Question d'origine :
Est-ce-que c'est vrai qu'il ne faut pas voir les choses 'en tout noir ou tout blanc' -la réalité, le monde, la vie, les choses sont très compliquées-et il faut donc éviter de voir les choses de manière simpliste 'en tout noir ou tout blanc'?
Réponse du Guichet
Voir les choses ou toutes noires ou toutes blanches relève de la pensée manichéenne, ou pensée polarisée elle-même découlant de distorsions cognitives. Il serait préférable d'adopter un raisonnement plus rationnel.
Bonjour,
Vous souhaitez savoir s'il est vrai qu'il ne faut pas voir les choses tout en tout noir ou tout blanc, de manière simpliste.
Comme souvent dans nos réponses à vos questions, nous ne saurions vous dire ce qui est vrai ou pas car d'une part, à l'instar de tout être humain, nous ne détenons pas la vérité, d'autre part la vérité est une notion complexe que nous avons déjà abordée dans au moins une dizaine de vos questions dont,
- Connaitrons-nous un jour toutes les vérités ?,
- La philosophie et la science sont elles plus fiables que les autres domaines d'études ?,
- Les philosophes ne sont-ils donc jamais d'accord ?,
- Est-il vrai qu'il est tout à fait légitime de se poser des questions ?
- Est-ce que l'on peut penser que finalement il n'y a pas de grande vérité ?
- Est ce que chacun peut croire ce qu'il veut ?
Nous ne pourrons donc pas affirmer ou infirmer qu'il ne faut pas voir les choses tout en tout noir ou tout blanc, de manière simpliste.

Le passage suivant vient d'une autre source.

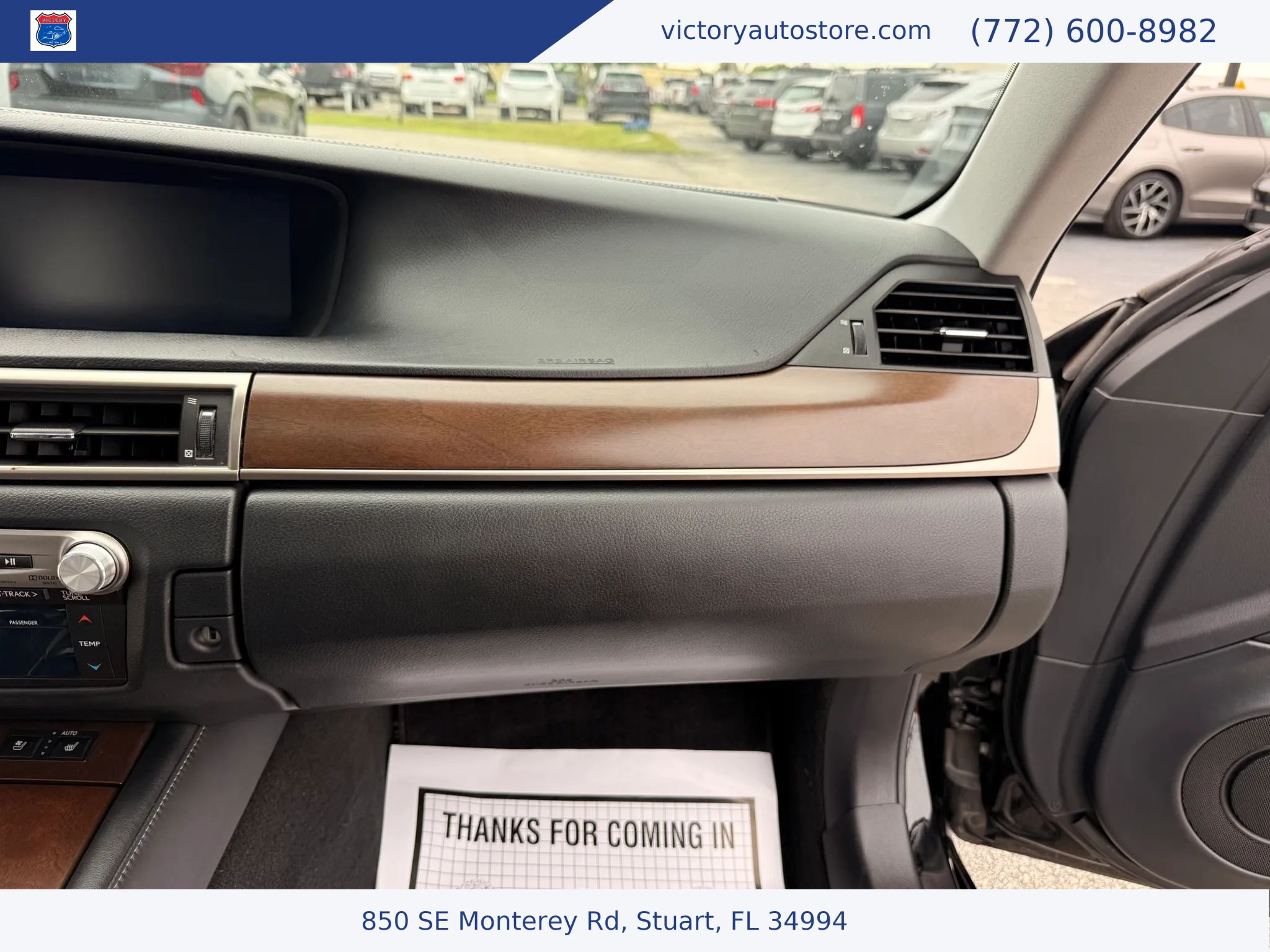 Used 2014 Lexus GS 350 w/ Premium Package RWD image 19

Par ailleurs, vous posez votre question en utilisant une injonction il ne faut pas. Là encore, pour couvrir tous les termes de votre questionnement, il serait juste de réfléchir à la notion d'obéissance. Ceci nous amènerait bien trop loin du sujet principal que vous souhaitez voir abordé, voir les choses tout en tout noir ou tout blanc, de manière simpliste. Mais sur l'obéissance vous pourriez écouter cette émission de France culture, Faut-il apprendre à obéir ou à désobéir ? et lire ces articles, La liberté consiste-t-elle à n’obéir à personne ?, Philosophie magazine, Spinoza et le problème de l’obéissance / Pierre Macherey, Hypothèses, Liberté de l'obéissance selon Thomas d'Aquin / Camille de Belloy, HAL.
Que signifie voir les choses tout en tout noir ou tout blanc, de manière simpliste ?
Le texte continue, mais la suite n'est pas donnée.